W weekend i na początku tygodnia czeka nas załamanie pogody, ale – jak tłumaczy rzecznik IMGW Grzegorz Walijewski – wciąż będzie cieplej niż zazwyczaj o tej porze roku.
– Październik w pierwszych dniach miesiąca rozpieścił nas rekordowo letnimi temperaturami, stąd wrażenie, że pogoda się popsuła – tłumaczy rzecznik Instytutu Meteorologii i Gospodarki Wodnej Grzegorz Walijewski. Podkreśla, że temperatury są o stopień lub nawet dwa wyższe niż zazwyczaj o tej porze roku. – Gdyby nie deszcz i wiatr, bardziej byśmy to odczuwali – zapewnia.
CZYTAJ: Tak ciepło nie było od lat. Padł rekord
Niestety, w weekend kolejne niże ściągną do Polski chłodne powietrze polarne morskie, które pogłębi dyskomfort. Na ogół będzie deszczowo, szczególnie w północnej połowie kraju, oraz wietrznie.
– W nocy z piątku (06.10) na sobotę (07.10) i w sobotę wiatr może być, zwłaszcza nad morzem, groźny – ostrzega IMGW. A to dlatego, że w nocy niż nad Bałtykiem gwałtownie się pogłębi. Wiatr będzie wiał z prędkością do 95 km/h.
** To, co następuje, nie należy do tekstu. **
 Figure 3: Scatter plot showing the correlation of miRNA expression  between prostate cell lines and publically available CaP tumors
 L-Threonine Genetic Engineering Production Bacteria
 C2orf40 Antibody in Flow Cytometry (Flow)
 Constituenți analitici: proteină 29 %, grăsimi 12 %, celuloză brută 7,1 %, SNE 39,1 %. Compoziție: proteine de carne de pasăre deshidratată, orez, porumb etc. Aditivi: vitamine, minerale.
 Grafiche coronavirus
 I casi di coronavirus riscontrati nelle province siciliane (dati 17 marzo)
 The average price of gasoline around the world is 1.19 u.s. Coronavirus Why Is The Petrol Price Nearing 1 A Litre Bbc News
– Niemal w całym kraju będzie padał deszcz, na północy sumy mogą sięgać 10 mm. Na Wybrzeżu możliwe są burze – tłumaczy rzecznik. Mimo to – w jego opinii – będzie stosunkowo ciepło: od 10 stopni na północnym wschodzie do 15 na zachodzie i nad morzem.
– Zimniej zrobi się dopiero w nocy z niedzieli na poniedziałek – przestrzega Walijewski. Wtedy, według prognoz, w rejonach podgórskich Karpat temperatura może spaść do około –1 stopnia, a przygruntowe przymrozki będą możliwe w centrum i na wschodzie Polski.
– Dobra wiadomość jest taka, że w połowie przyszłego tygodnia spodziewamy się kolejnego ocieplenia. Choć temperatur dochodzących do 30°C już raczej nie będzie – podsumowuje Walijewski.